The international scope of the project also put Hanson in contact with pre-World War II magazines she’d never seen before. “You don’t ordinarily run into the kind of stuff that was coming out of France — these absolutely beautiful high production value magazines with gold leaf on the covers and gorgeous illustrations mixed in with photographs by top photographers,” she recalled. “A lot of it coming out of Paris was also connected with Weimar Berlin, and the magazines that were also being made by Magnus Hirschfeld, you know, the first great sex researcher whose Institute was gutted in 1933 by the Nazis for their book burning.”

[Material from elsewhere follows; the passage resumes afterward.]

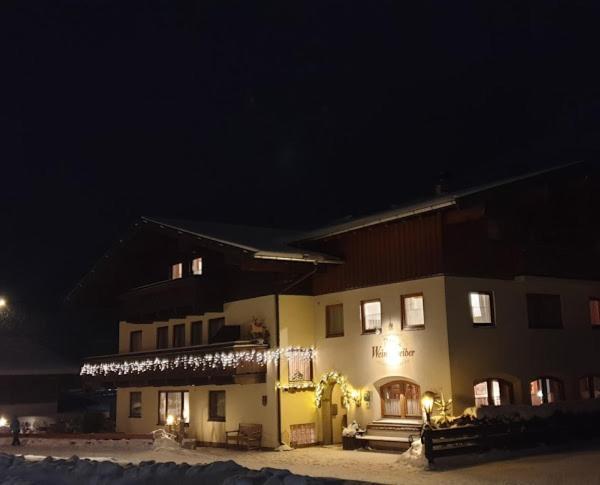 Pension Und Appartement Weinschreiber Rauris Exterior foto
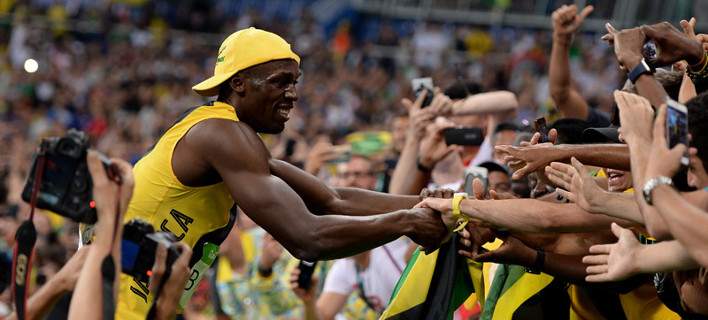 Γιουσέιν Μπολτ: Σταμάτησε τη συνέντευξη για να συγχαρεί Ολυμπιονίκη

Hanson made the case that many of the men’s magazines produced in the 1960s and 1970s represented ways for people to find like-minded communities. “Do you know Straight to Hell magazine?” she asked. “This was a guy who really liked dangerous men and so he had a fringe gay sexuality, and he made this magazine just so he could connect with others and feel better about the things that he was hating himself for.”
It’s a phenomenon that Hanson has seen in many different ways. “Robert Crumb always drew these huge women. And he said the reason he drew these huge women was because he liked them and he never saw them represented anywhere,” she said. “He hoped that if he published this, that he would hear from others who liked it and he would feel more validated in his choices.”
The History of Men’s Magazines also ventures into some even more DIY zines that appeared in the second half of the 20th century. That clicks neatly with the community aspect of men’s magazines, a subject Hanson returned to a few times over the course of the conversation. “Other people make zines on non-sexual subjects, but it helps them to build a community,” she said. “Now the community is TikTok, the community is Twitter, the community is a Reddit subgroup. It’s the same thing. They are all, in effect, little zines.”
As for why the series ends where it does, it’s something that lines up with Hanson’s own experience editing men’s magazines, as the 70s led to greater freedom for publishers. “We really didn’t know what all people were going to be interested in, so we were free to make magazines like that. Like, let’s see if people are attracted to fat people. I know it just seems crazy today, but you didn’t have magazines with Black people. You didn’t have magazines with Latinos. [Publishers] just assumed the readership was white and if the readership wasn’t white, well, they wanted white people anyway.”
“We were learning month to month by putting these things in magazines what was true and what wasn’t true,” she continued. “And you would learn how big this audience was — that there was a big audience for all different races and ethnicities. There was a huge audience for this. That was a wonderful thing.”
By the 1980s, Hanson explained, that freedom had given way to something more staid. “ In the ’80s, it became corporate. They figured out through the 1970s what they could do legally. They figured out what the best sellers were. It became formulaic,” she said. ”I continued with my career and worked through that period, but it was getting increasingly boring to be told, ‘No, you can’t do that. This is what sells, we have to do it this way.’”
That helped to shape her own career. “That is why, when I got the opportunity in 1987 to do a couple of more fetishistic magazines — Jugs and Leg Show — I jumped at that,” she said. “They allowed me more freedom to create again and to explore these niche markets and expand them — because otherwise it was just getting deadly dull.”
At their best, men’s magazines can be anything but dull — and Hanson’s new anthology offers a fascinating look at one industry’s evolution.